** Opening Recorded information block **
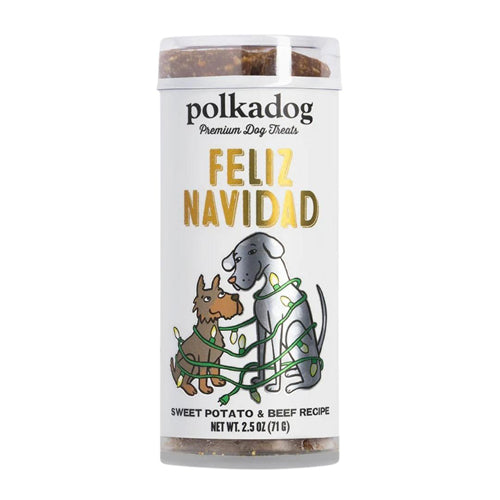 Polka Dog Bakery Holiday Mini Tube Feliz Navidad Sweet Potato And Beef 2.5Oz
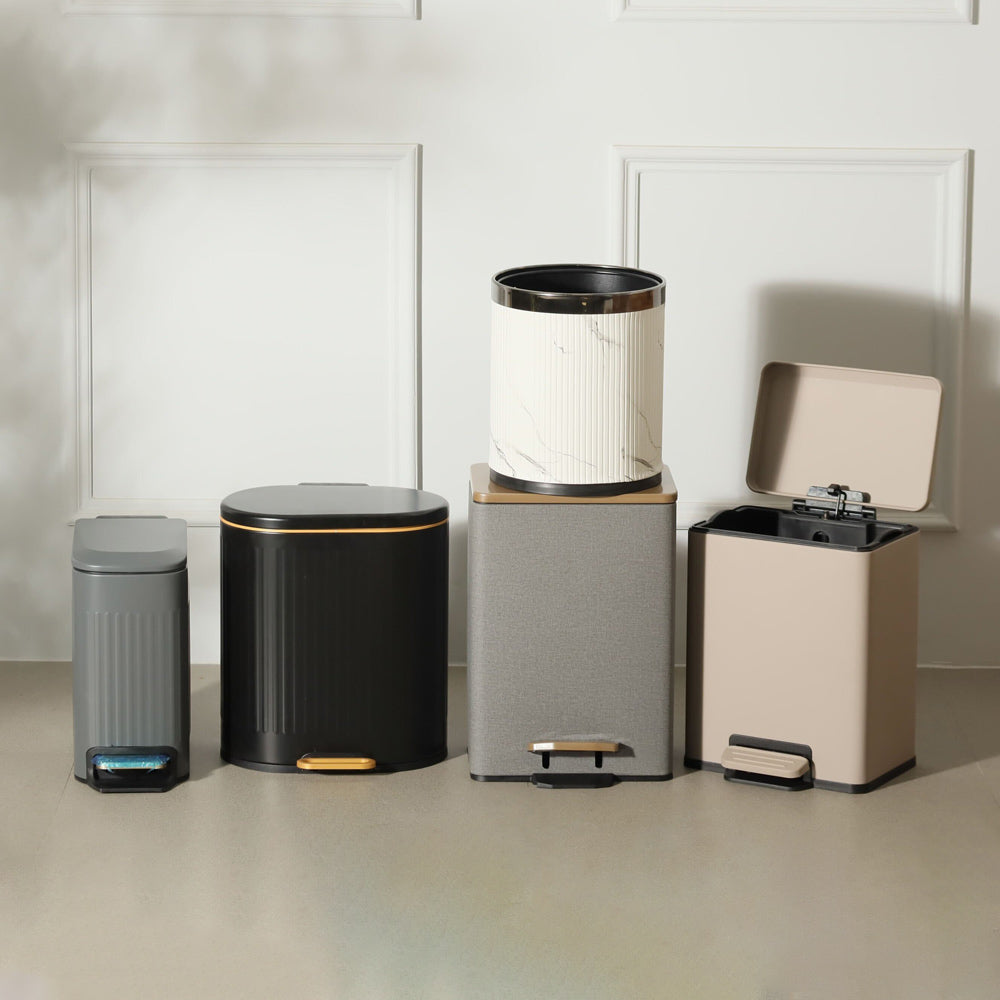 Ovate Pedal Bin 6L - Black & Gold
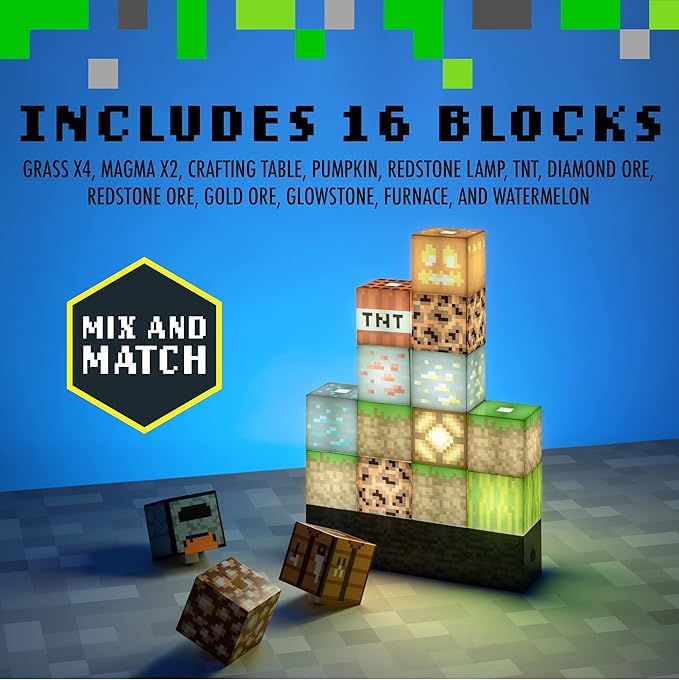 Paladone Minecraft Building Block Night Light – Officially Licensed LED Lamp for Boys’ Bedrooms, Gaming Decor & Gifts – Fun Minecraft Room Accessory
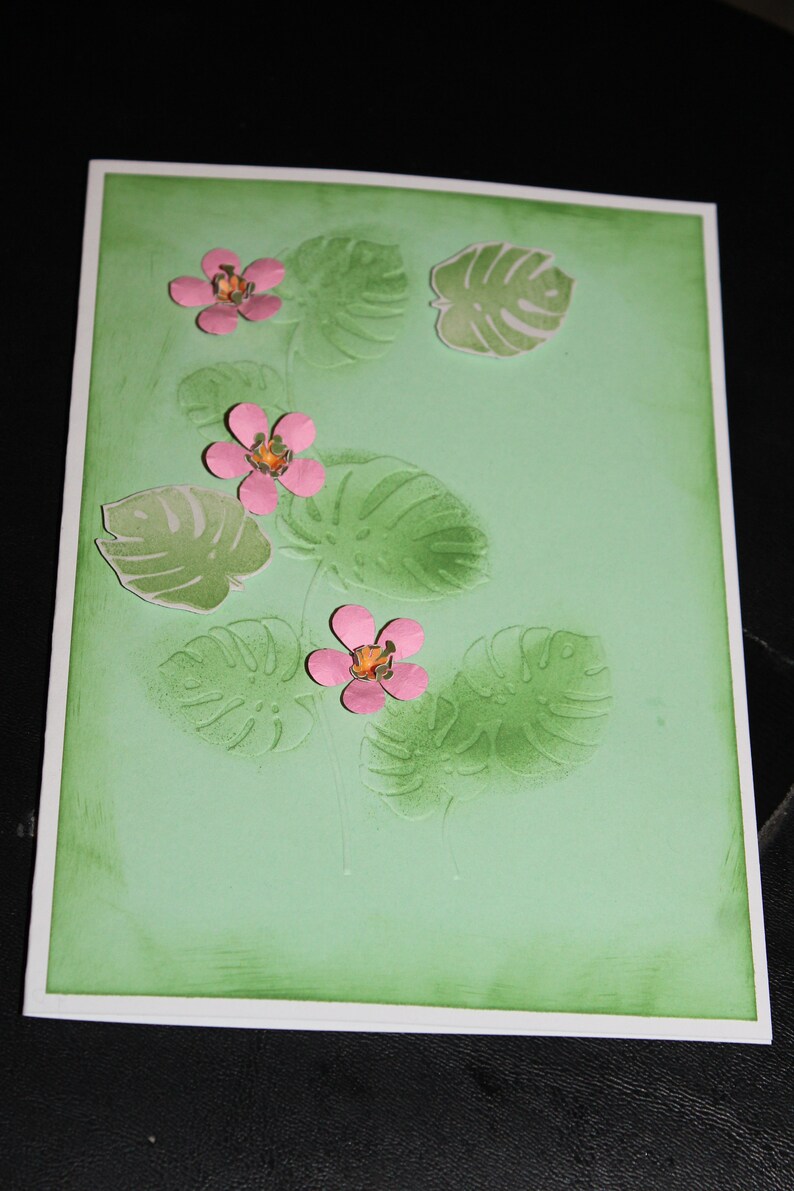 Monstera leafs plant with pink flowers handmade 3D card image 1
** Closing Recorded information block **
Work task: Drop the pictures, then transcribe the lines from the one containing "Ovate Pedal Bin 6L - Black & Gold" to the end of the data above, exactly and nothing more.

Exercise output:
 Ovate Pedal Bin 6L - Black & Gold
 Paladone Minecraft Building Block Night Light – Officially Licensed LED Lamp for Boys’ Bedrooms, Gaming Decor & Gifts – Fun Minecraft Room Accessory
 Monstera leafs plant with pink flowers handmade 3D card image 1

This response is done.